WASHINGTON — Sens. Sherrod Brown, D-Ohio, and David Vitter, R-La., said on Thursday that they plan to introduce legislation addressing concerns about "too big to fail" banks.
The two lawmakers announced their intentions during back-to-back speeches, in which they described their concerns and outlined the contours of their upcoming bill. The legislation will draw upon ideas put forward by the Thomas Hoenig, a director of the Federal Deposit Insurance Corporation and the agency's former Chairman Sheila Bair, along with Richard Fisher, president of the Federal Reserve Bank of Dallas.
"We shouldn't tolerate business as usual, monitoring risk until we are once again near the brink of disaster; we should learn from our recent history and correct our mistakes by dealing with the problem head-on," Brown said on the Senate floor. "That means preventing the anticompetitive concentration of banks that are too big to fail, and whose favored status encourages them to engage in high-risk behavior."

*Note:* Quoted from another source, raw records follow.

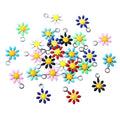 Tiny Colorful Daisy Charms with Gold Tone Loops in Nine Options view 5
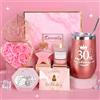 YYDSXK Regalo Compleanno Donna 30 Anni, Bicchiere Termico da 470ml e Candela Profumata, Set Regalo Originale per Mamma, Sorella e Amiche, Idee Divertenti per il 30° Compleanno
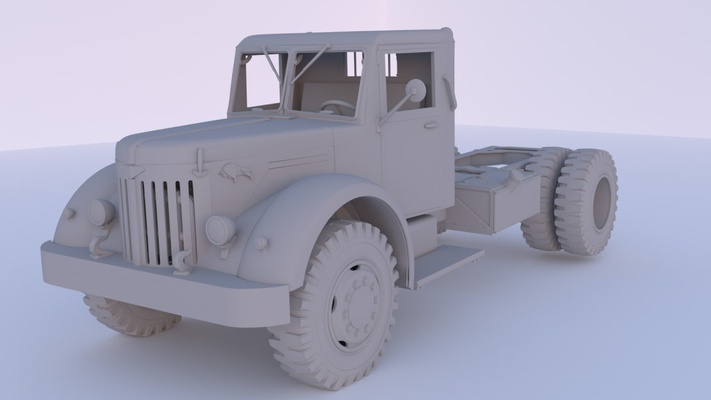 maz 200v telaio 1 72 camion 3d print model - Mito3D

Vitter added that while the two are not quite ready to unveil their bill, the legislation would "fundamentally require significantly more capital for the megabanks" and reduce the regulatory burden on community banks.
The Senators, who otherwise occupy opposite ends of the political spectrum, have teamed up before on related issues. They previously worked together to push bank regulators to raise capital surcharges on the biggest banks, and led an effort during the lame duck session to direct the Government Accountability Office to conduct a study looking at the economic benefits of being "too big to fail."